= What is expected =
Could you retype exactly the line containing "Let&rsquo;s Craft Together!" and every line after it in the data below, leaving out the pictures?

+++ Data shown

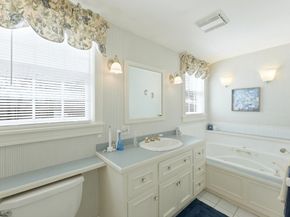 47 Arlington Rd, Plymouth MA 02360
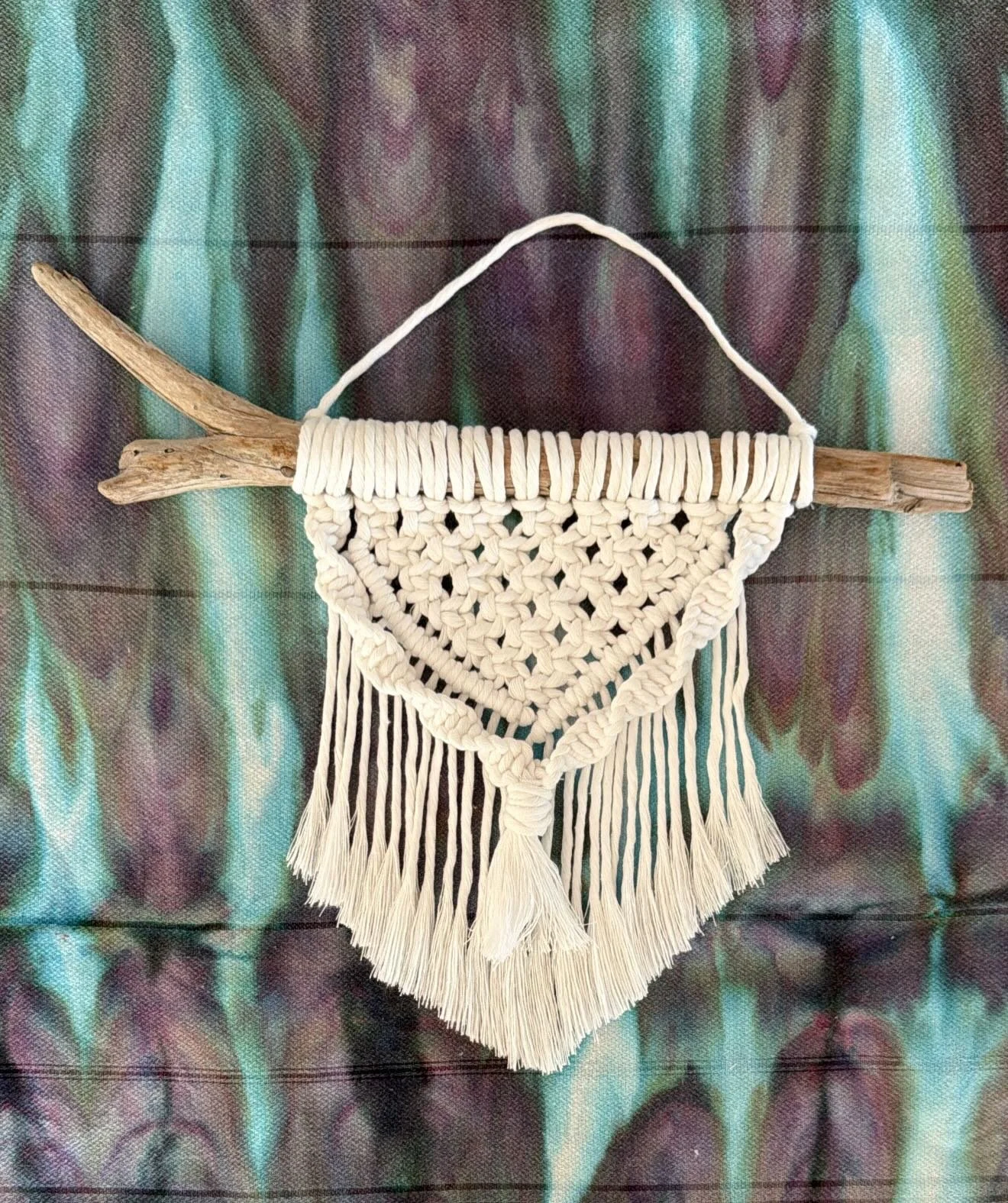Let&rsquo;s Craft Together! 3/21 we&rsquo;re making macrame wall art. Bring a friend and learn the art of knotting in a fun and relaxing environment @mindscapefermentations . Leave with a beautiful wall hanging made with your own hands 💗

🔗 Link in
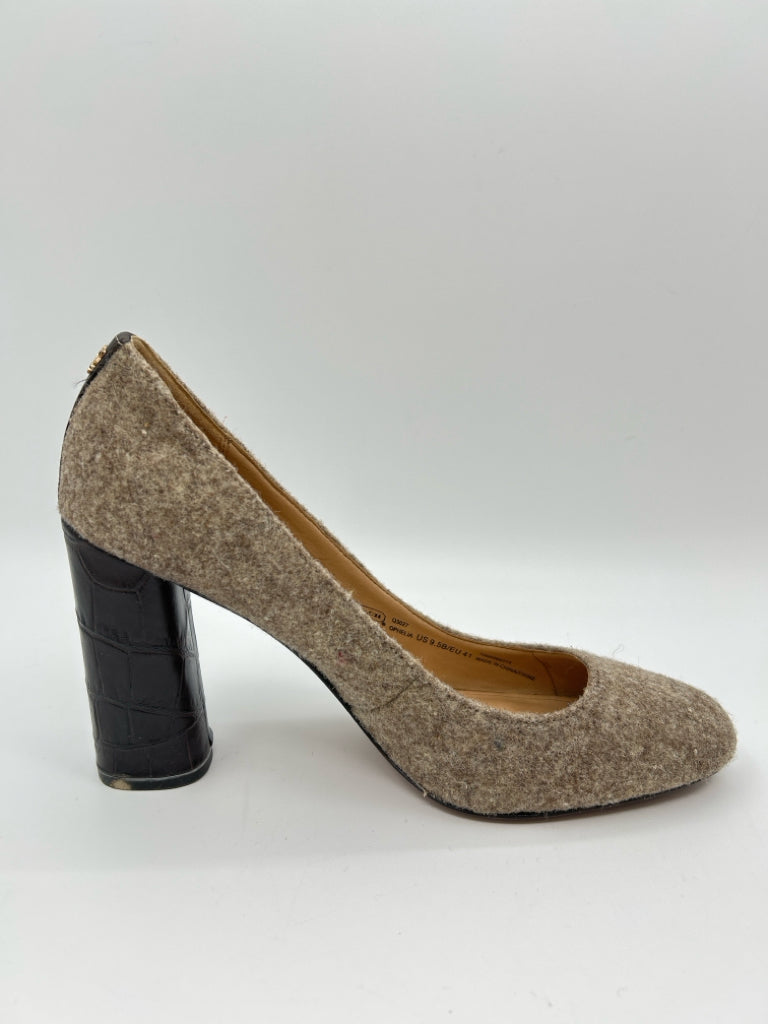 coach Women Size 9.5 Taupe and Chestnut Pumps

++++++

= Completed exercise =
Let&rsquo;s Craft Together! 3/21 we&rsquo;re making macrame wall art. Bring a friend and learn the art of knotting in a fun and relaxing environment @mindscapefermentations . Leave with a beautiful wall hanging made with your own hands 💗

🔗 Link in
 coach Women Size 9.5 Taupe and Chestnut Pumps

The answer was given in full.